Some patients can apply to our clinic with symptoms like homozygous patients although they are heterozygous. In homozygous FHBL patients, there are symptoms related to lipid malabsorption and deficiency of fat-soluble vitamins (5). In our case, calcium was 8 mg/dl (8.5-10), phosphate: 2.3 mg/dl (2.5-4.8), 25-OH-D3: 5 ng/ml (30-74) and lipid particles were seen in gaita specimens. Our patient had also some clinical and laboratory findings similar to homozygous patients.
Malabsorption, acanthosis, retinitis pigmentosa, neuromuscular degeneration and hepatosteatosis can be seen in homozygous FHBL patients. Most of FHBL patients are heterozygous, usually asymptomatic and are detected in family or population scans (6). In our patient, malabsorption and acanthosis were detected, but retinitis pigmentosa and neuromuscular degeneration were not detected. Our patient was asymptomatic until the age of 31 years and she was symptomatic for the last two years.

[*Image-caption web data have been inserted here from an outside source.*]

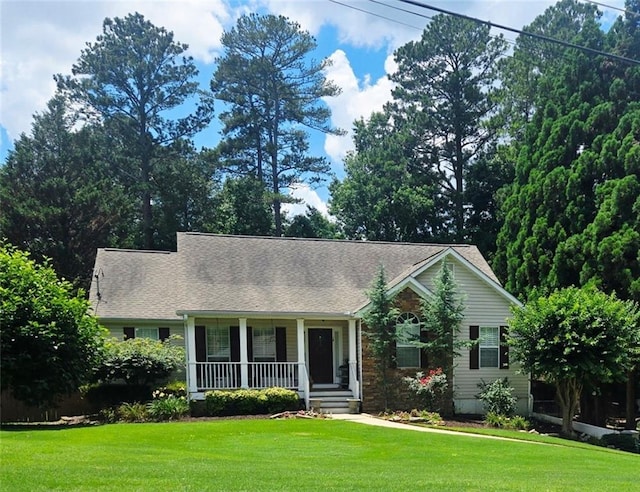 60 Stonehedge Dr, Buford, GA 30518 - view of front of house with a porch, a front lawn, and roof with shingles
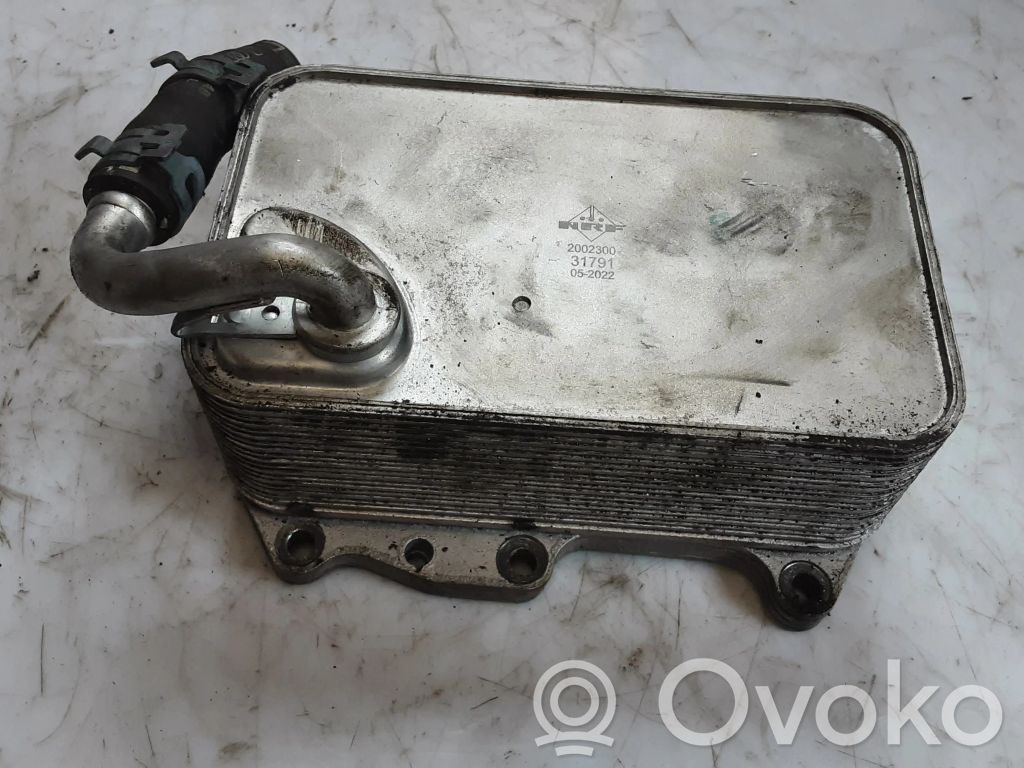 Mocowanie / uchwyt filtra oleju   2002300,31791,052022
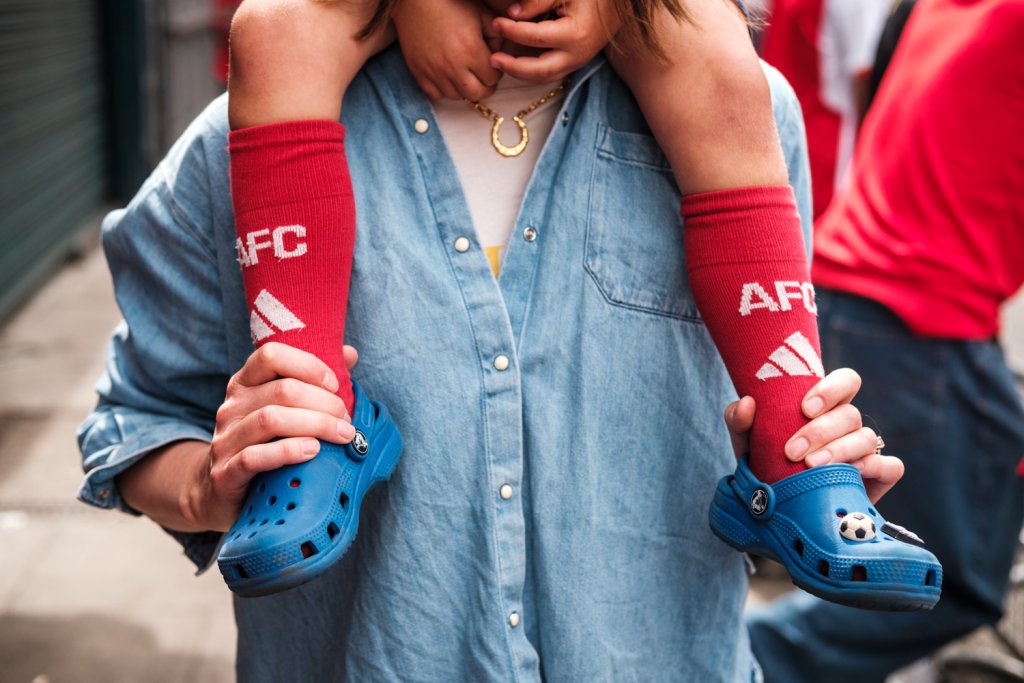 A child sat on a woman's shoulders.  We see his legs from the knees down and he is wearing red socks with "AFC" embroidered on the front.  He is also wearing blue crocks shoes.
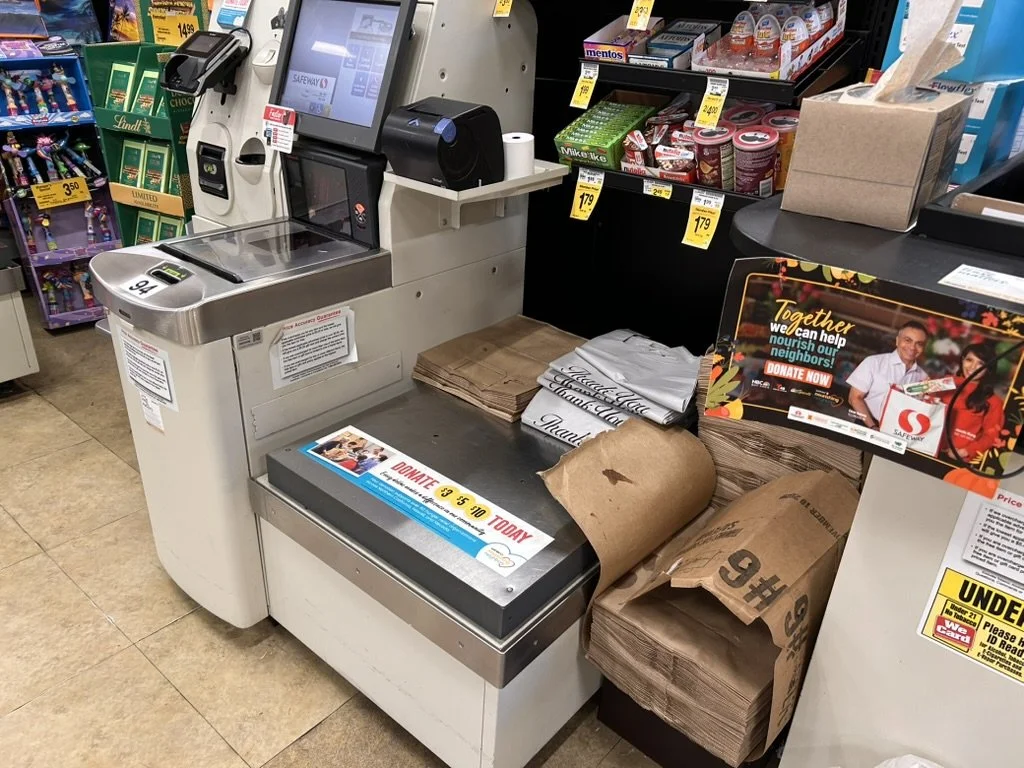 A cash register in a grocery store with both plastic and paper shopping bags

In FBHL, the production of VLDL, which is a normal export system for triglycerides, is impaired due to the decrease in synthesis of Apo B100, a normal lipid transporter from the liver. By this mode of transmission, triglycerides and probably other lipid components of VLDL accumulate in liver. Also, because triglyceride transport capacity of shortened Apo B proteins, which are formed by mutations in Apo B, is less than normal Apo B100, fatty liver may be present. This condition cannot be differentiated upon histological examination from other causes of macrovesicular hepatosteatosis. The amount of fat accumulated in liver shows differences between FHBL patients. This condition is probably modulated by some kind of genes and related to patient’s genetic background (7,8). In our case, we detected in abdominal ultrasonography an increase in liver echogenicity and grade 1-2 fat accumulation although the patient was heterozygous.

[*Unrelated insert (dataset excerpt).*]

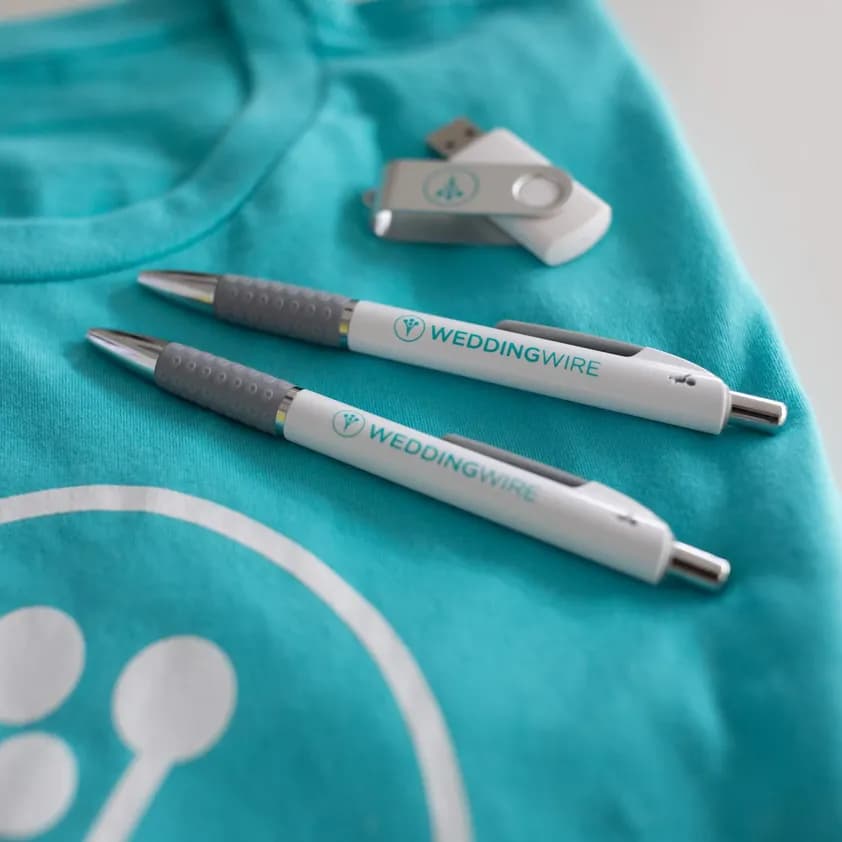 Custom branded WeddingWire pens, USB drive, and teal t-shirt with company logo.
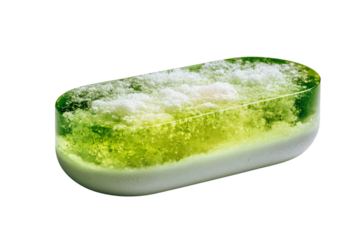 A single oblong translucent green and yellow hard candy.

Familial heterozygous hypobetalipoproteinemia should be kept in mind about causes of steatorrhea in childhood when there is no growth and development retardation. Restriction of fat in diet and supplementation of high dose vitamin E can reduce diarrhea frequency and delay or prevent neurological complications. Although diagnosed as heterozygous, having lipid intolerance and malabsorption, which are rarely observed in these patients, it is accepted as remarkable for our case. It is very important to diagnose correctly the disease causing malabsorption, in order to manage promptly its treatment. When total cholesterol and LDL-cholesterol are found low in certain patients, malabsorption due to FBHL should be considered as a potential diagnosis and other individuals of the family should be examined for the presence of this disease.

Conflicts of interest: None declared.